■ **EXERCISE PROMPT**:
What's needed is an exact copy of all the data below, without pictures.

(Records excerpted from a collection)
------------------------------------
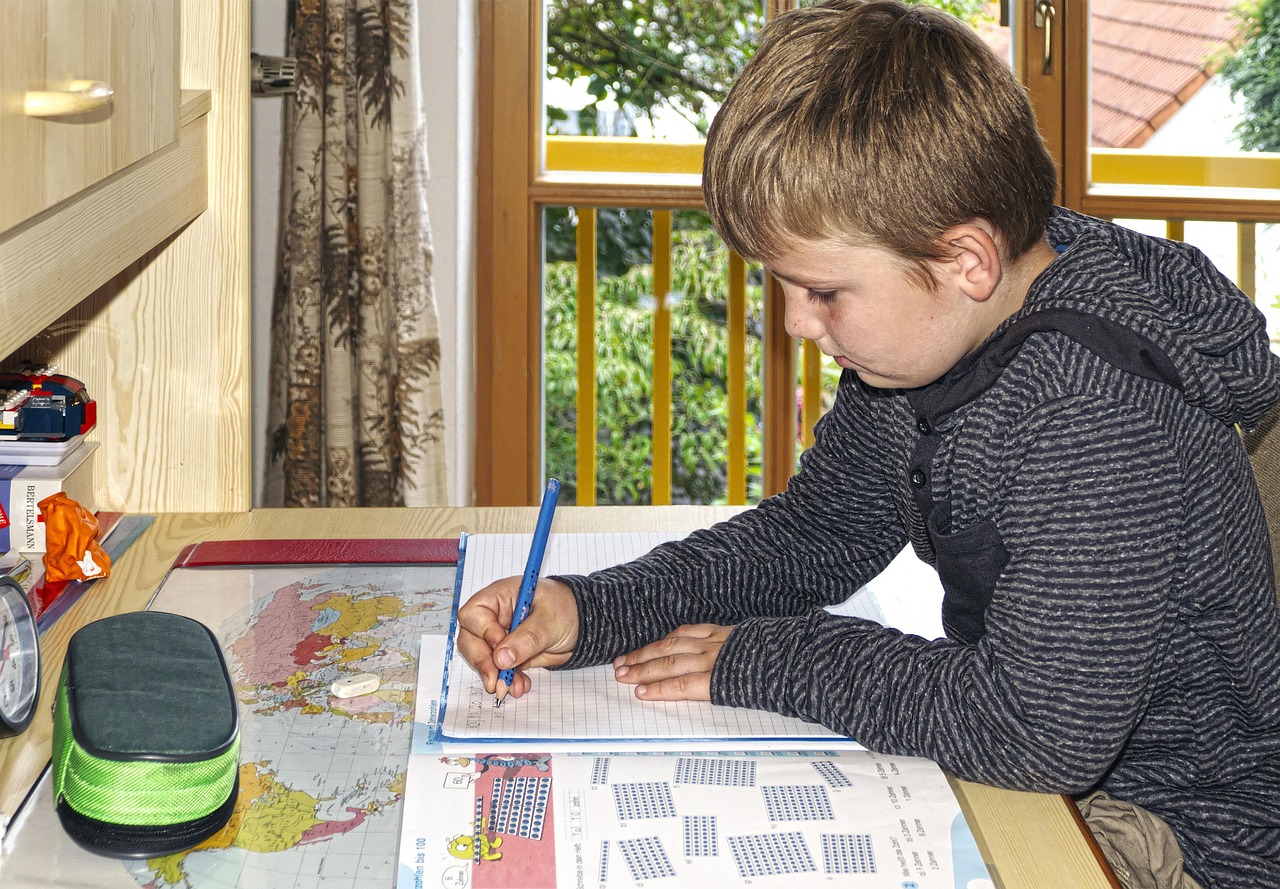 Homeschooling [2026]: Is It Right for Your Family? Honest Pros and...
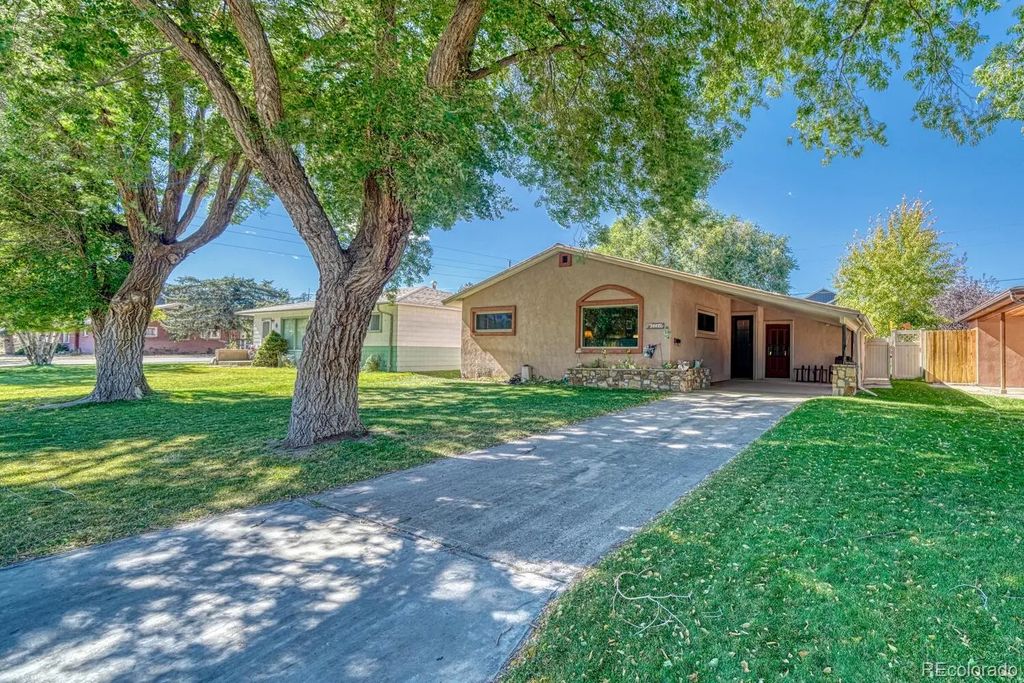 1144 E Street, Salida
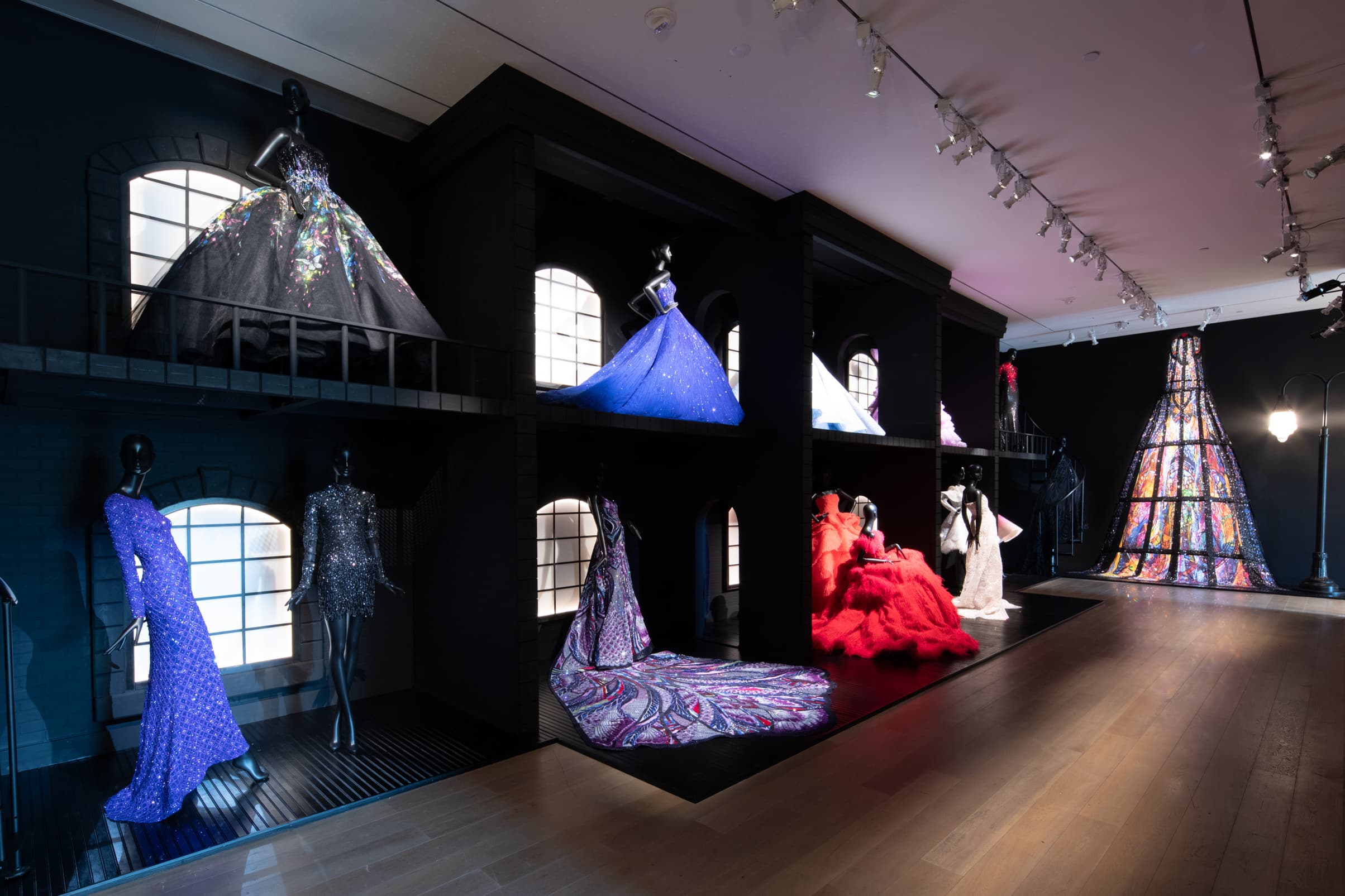 SCAD Savannah – Fall 2019 – Exhibitions – Michael Cinco – "Impalpable Couture" – Teaser Documentation – SCAD Museum of Art – Photography Courtesy of SCAD — before retouching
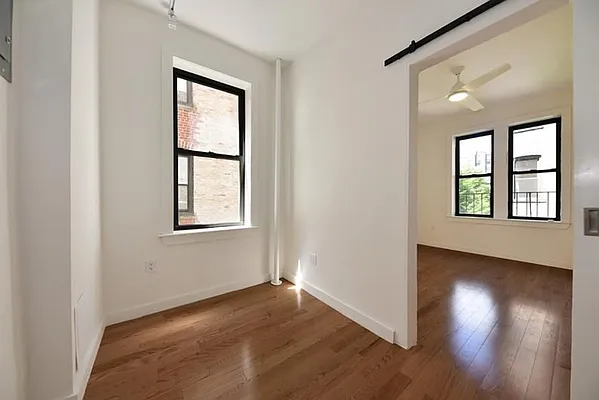 Rented by Buchbinder & Warren | media 23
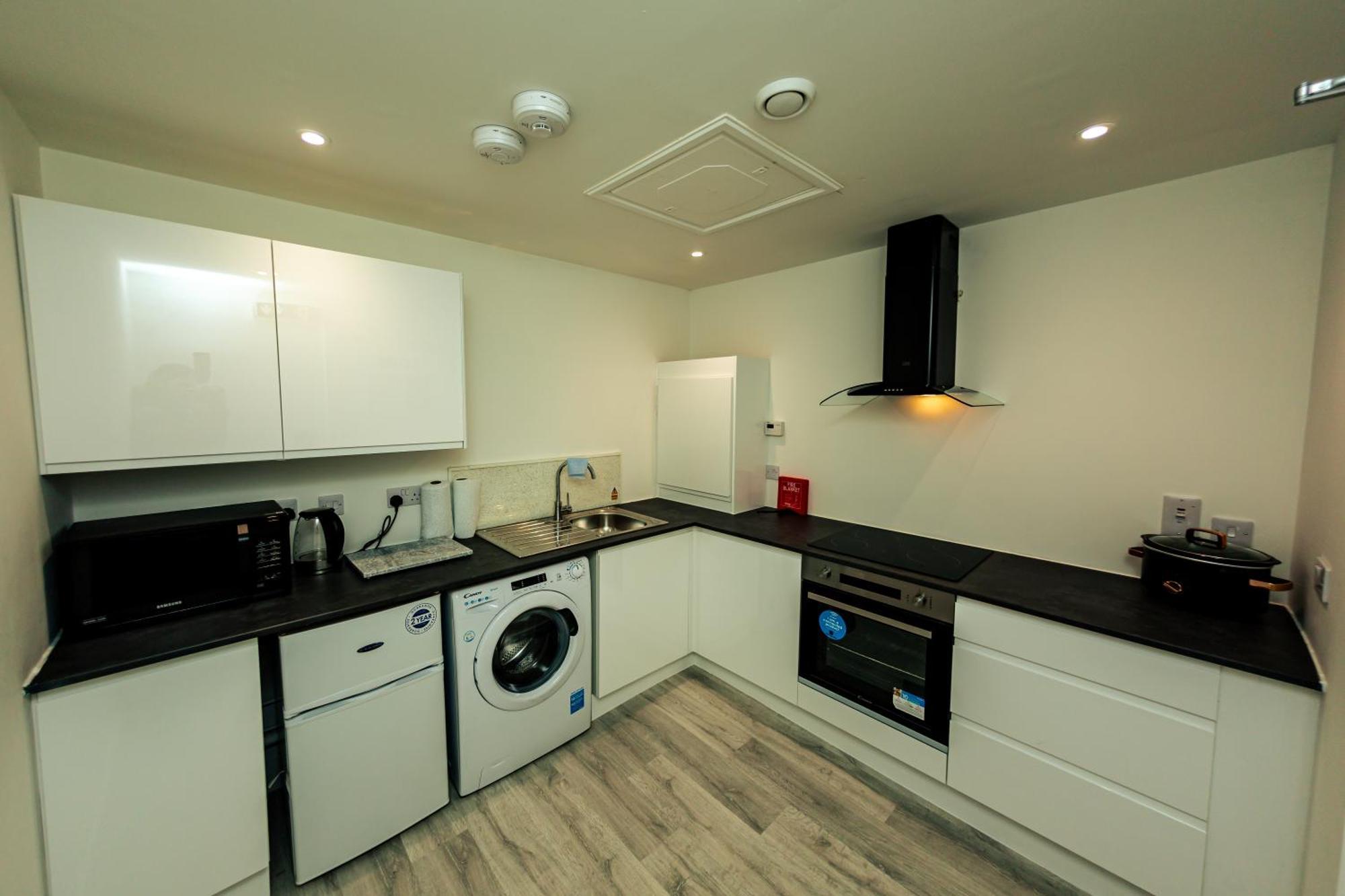 Cheerz Apartments Aberdeen Exterior photo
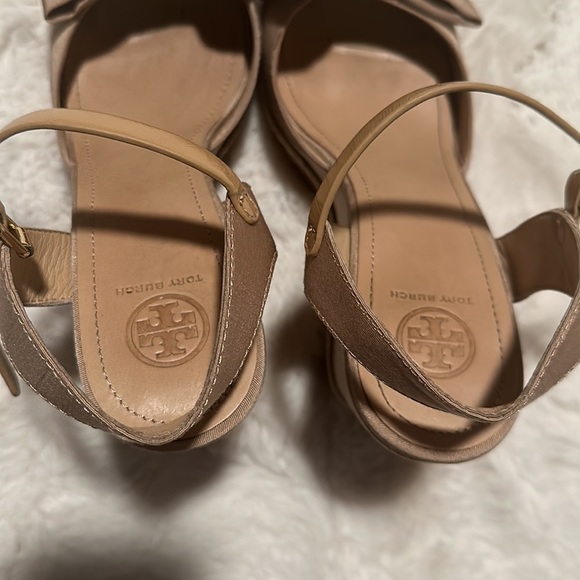 Tory Burch Tan Wedge Sandal, size 10 - Picture 5 of 6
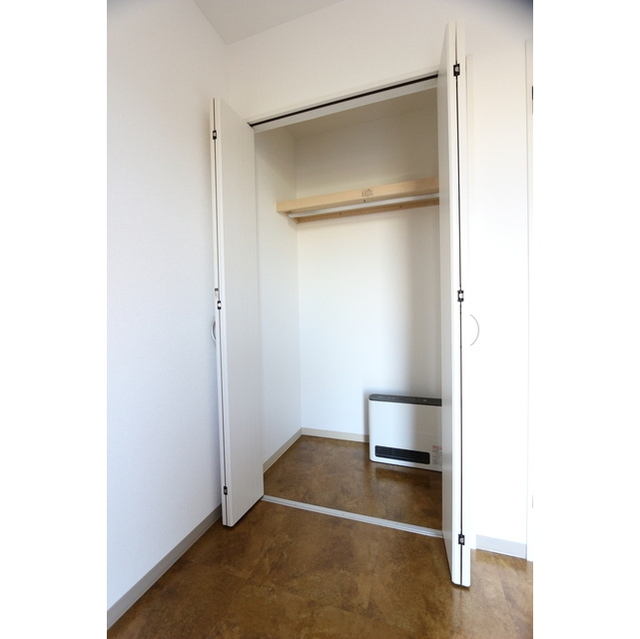 ＲＯＮＤⅤ番館103号室 クローゼット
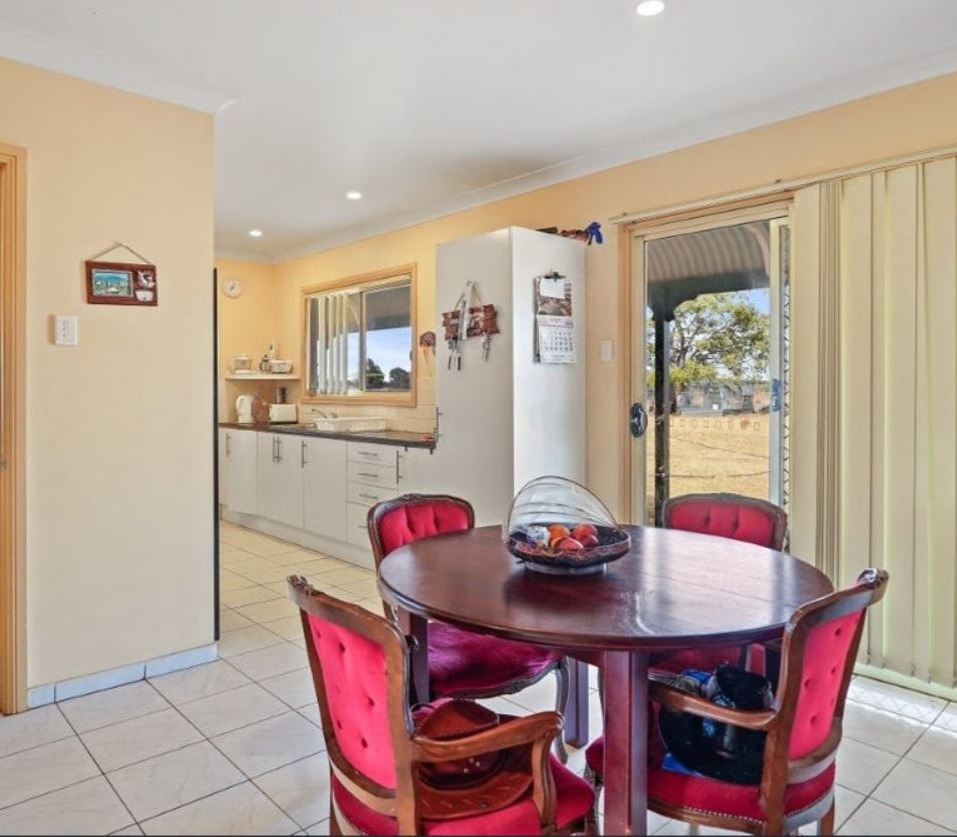 FARM LAND & HOUSE - PARKES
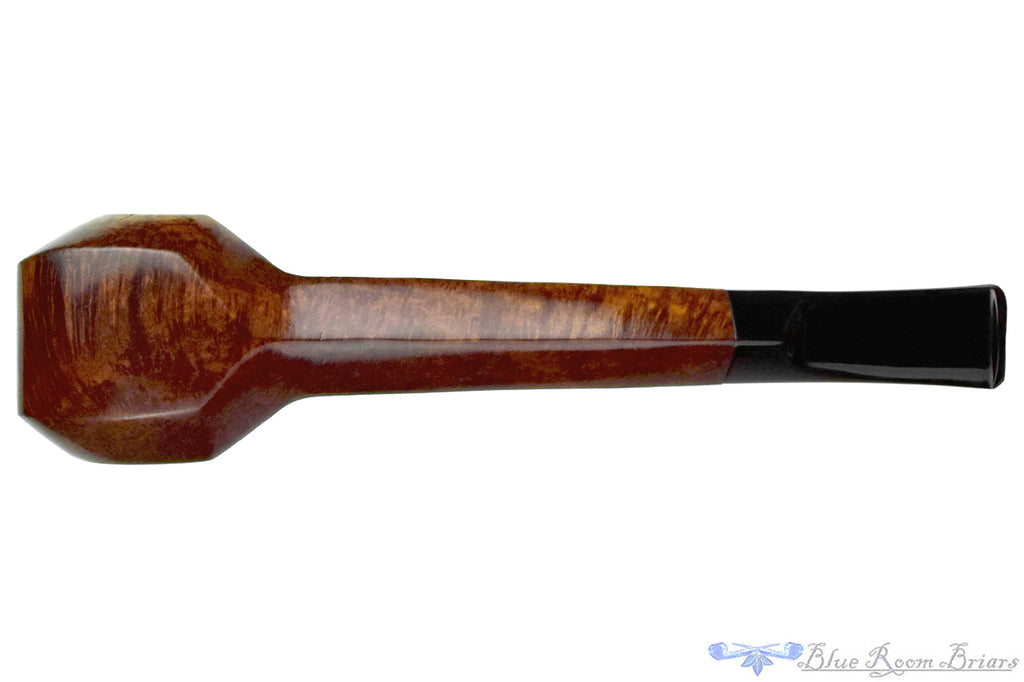 Blue Room Briars is proud to present this Cellini Original Panel Egg with Diamond Shank Sitter Estate Pipe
------------------------------------
■ **REPLY**:
 Homeschooling [2026]: Is It Right for Your Family? Honest Pros and...
 1144 E Street, Salida
 SCAD Savannah – Fall 2019 – Exhibitions – Michael Cinco – "Impalpable Couture" – Teaser Documentation – SCAD Museum of Art – Photography Courtesy of SCAD — before retouching
 Rented by Buchbinder & Warren | media 23
 Cheerz Apartments Aberdeen Exterior photo
 Tory Burch Tan Wedge Sandal, size 10 - Picture 5 of 6
 ＲＯＮＤⅤ番館103号室 クローゼット
 FARM LAND & HOUSE - PARKES
 Blue Room Briars is proud to present this Cellini Original Panel Egg with Diamond Shank Sitter Estate Pipe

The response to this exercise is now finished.